The play begins when three Shakespearean witches who run the world, Zenobia, Ulga, and Luella, try to take the life of a young musician Dinny. However, Dinny accidentally takes control of the world by playing his trumpet, which seduces the witches and stops the clock of time. A jump 100 years forward in time finds the world in turmoil. Finally, the witches manage to trick Dinny into agreeing to hand over the deed to the world while telling him that they will make his love, Amy, a perfect woman. Perfection, in the form of the seven deadly sins, kills her and the second act ends in Dinny's agony at seeing his dead lover on the ground.

The third act begins with Amy's burial. After paying his last respects, Dinny is surprised to see the three witches emerge from Amy's grave. Finally, the witches retrieve the deed to the world and try to kill Dinny, but only succeed in turning back time to 100 years ago, the beginning of the play. The future unfolds in a final singing number, with Dinny and Amy arguing lovingly over the life of their future baby.

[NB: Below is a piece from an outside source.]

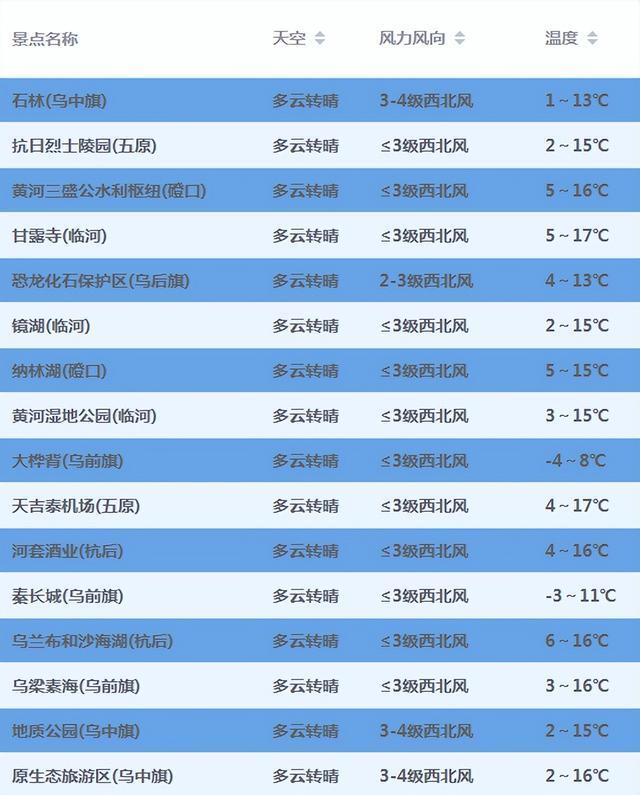 巴彦淖尔天气预报(巴彦淖尔天气预报15天查询百度)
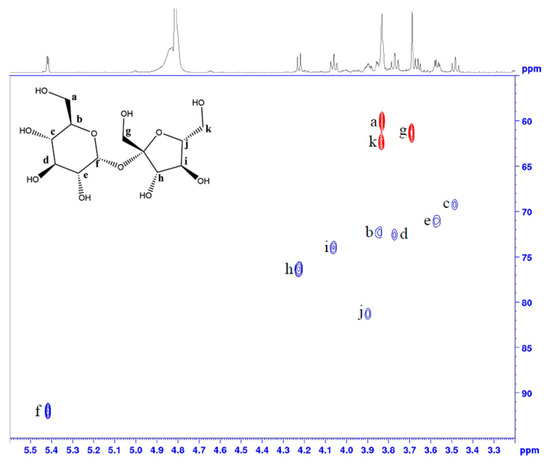 Molecules 29 00162 g0a1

==List of characters, in order of their disappearance==

- Dawn, Chloe, and Bubbles (Algonquin 4-6099): Three devil-made, beautiful young women who come to Dinny because of one of his wishes.
- Ben: A blind man, one of the first whom Dinny helps.
- Jake: A homeless man, another one of the first whom Dinny helps.
- Stonehenge: The banker/controller of all the funds of the world, recognized in some interpretations as the devil.
- Tom, Dick, and Harry: The three kings of the world, from Atlantis, Ninevah, and Jersey City.
- Dinny: The main character, a young musician who accidentally wins the world from the witches by playing his trumpet.
- Amy: A waitress whom Dinny learns to love throughout the play.
- Luella: The youngest of the three witches in charge of life.
- Ulga: The middle, death witch who hates humans.
- Zenobia: The eldest main witch, in charge of the other two.